You can only really buy cranberries from Nakumatt supermarket one week every year. They arrive somewhat inauspiciously around the twenty-first of December, packaged in clear store-branded plastic bags, and heaped onto the refrigerated area of the vegetable section. Not all Nakumatt branches sell them. They appear at branches that abut white immigrant neighborhoods: Nakumatt Prestige for Kilimani, Nakumatt in Lavington, and Nakumatt Crossroads for Karen.
Every year they show up quietly, elbowing themselves in between the blueberries and raspberries from the high altitude farms on the slopes of Mount Kenya.

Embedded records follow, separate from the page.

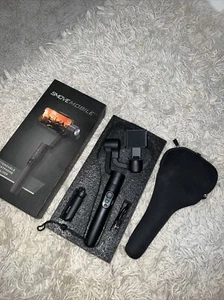 Smove Mobile Smartphone 3-Axis Gimbal Stabilizer W/ Case  - Picture 1 of 6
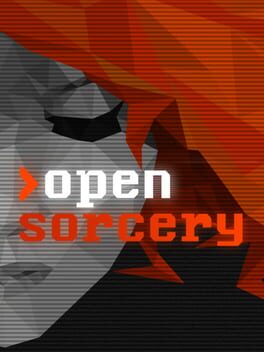 Cover Open Sorcery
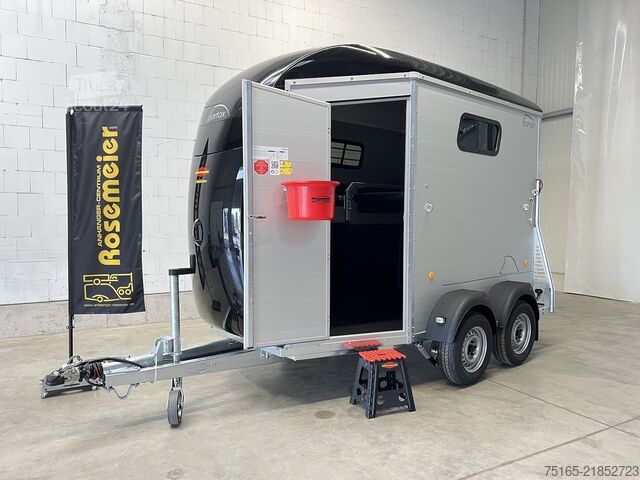 Paardentransportaanhanger Böckmann Portax K Pferdeanhänger
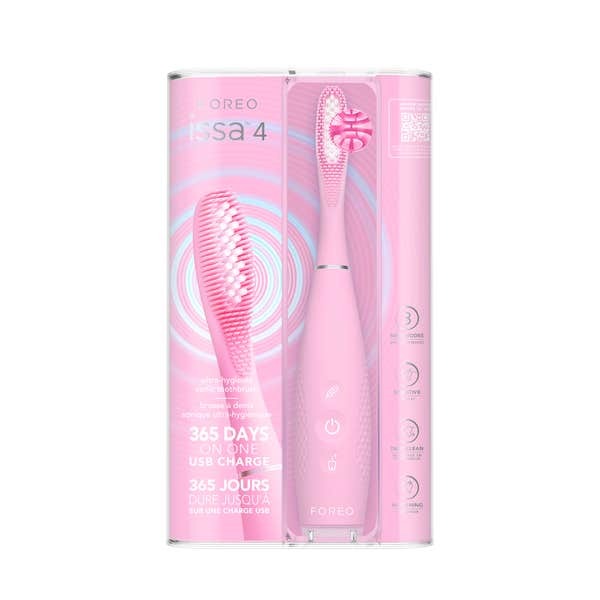 FOREO issa™ 4 Hybrid Sonic Toothbrush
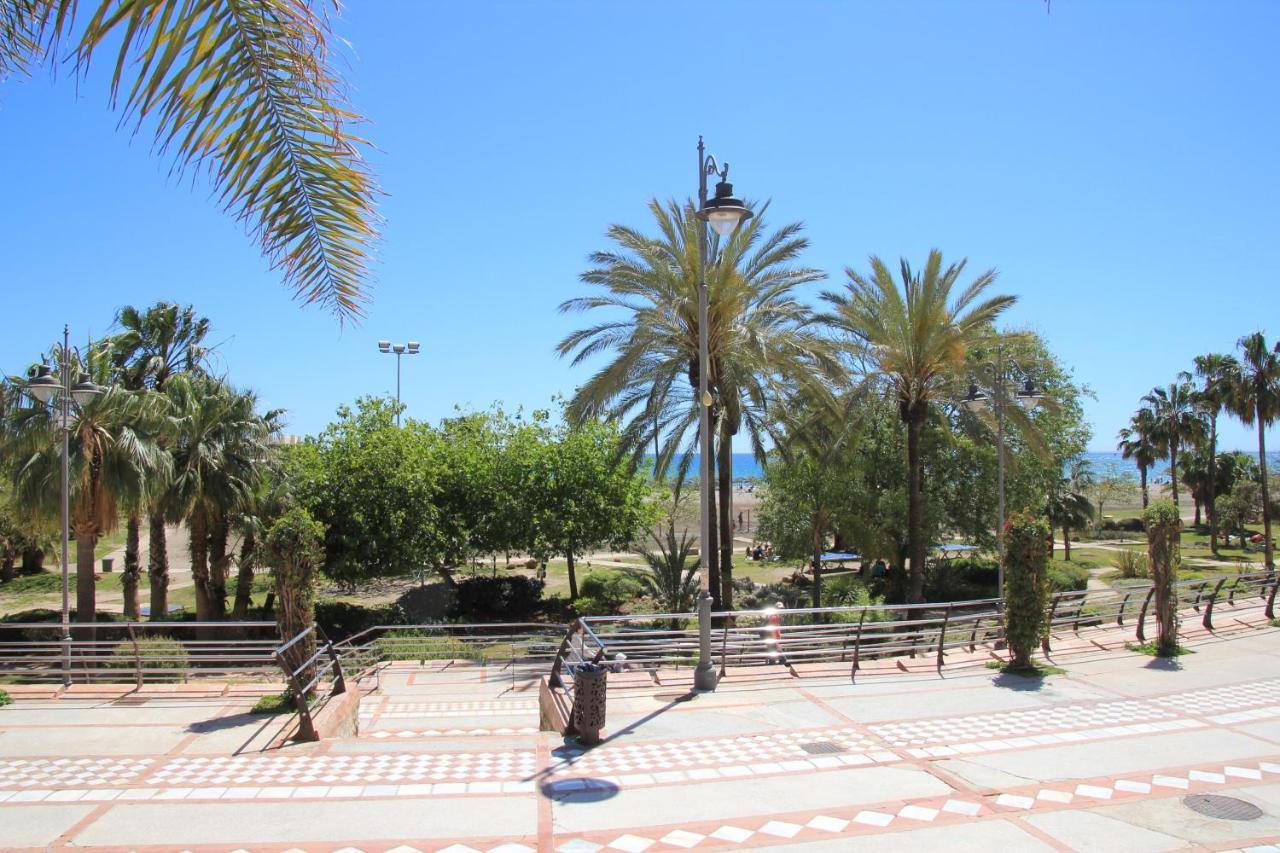 Tamarindos 30m de la plage Apartment Benalmadena Bagian luar foto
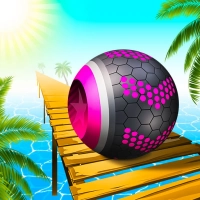 rolling_balls_sea_race ហ្គេម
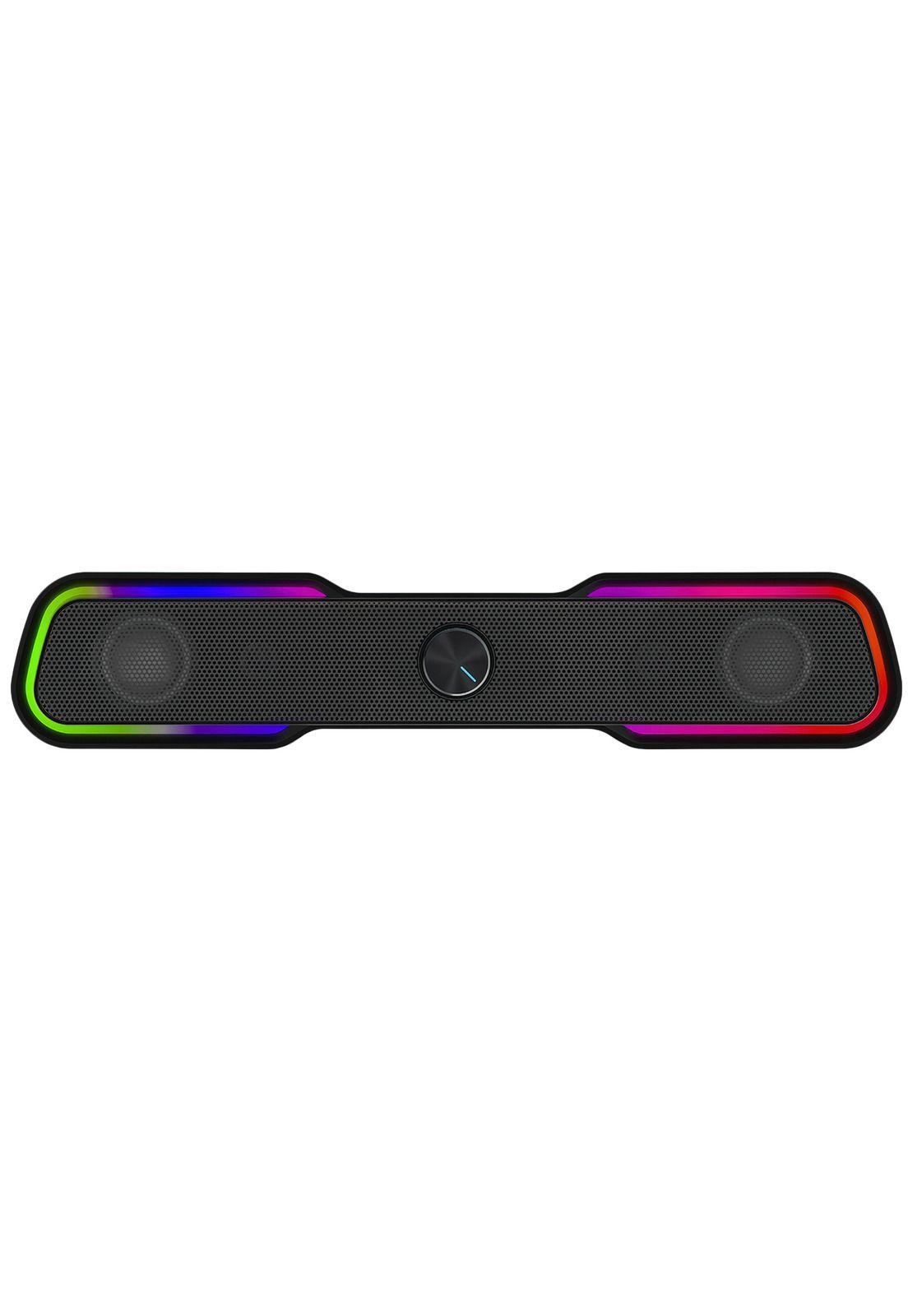 Parlante Barra de Sonido Hp RGB DHE-6002-0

To me, they are the reminder that a long, self-indulgent holiday week is near.
I first tasted cranberries in the UK more than a decade ago. I was a waitress in a small restaurant in Birmingham that encouraged staff to have a shared, sit-down meal after all the guests had left and we had cleared up. At the time, I couldn’t afford a plane ticket home, so this was the closest I was going to get to a proper Christmas dinner. Because of those shared meals, I had more experiences with Britain’s non-student, working class community in that collapsing industrial town than many of my peers. I tasted British culture up close.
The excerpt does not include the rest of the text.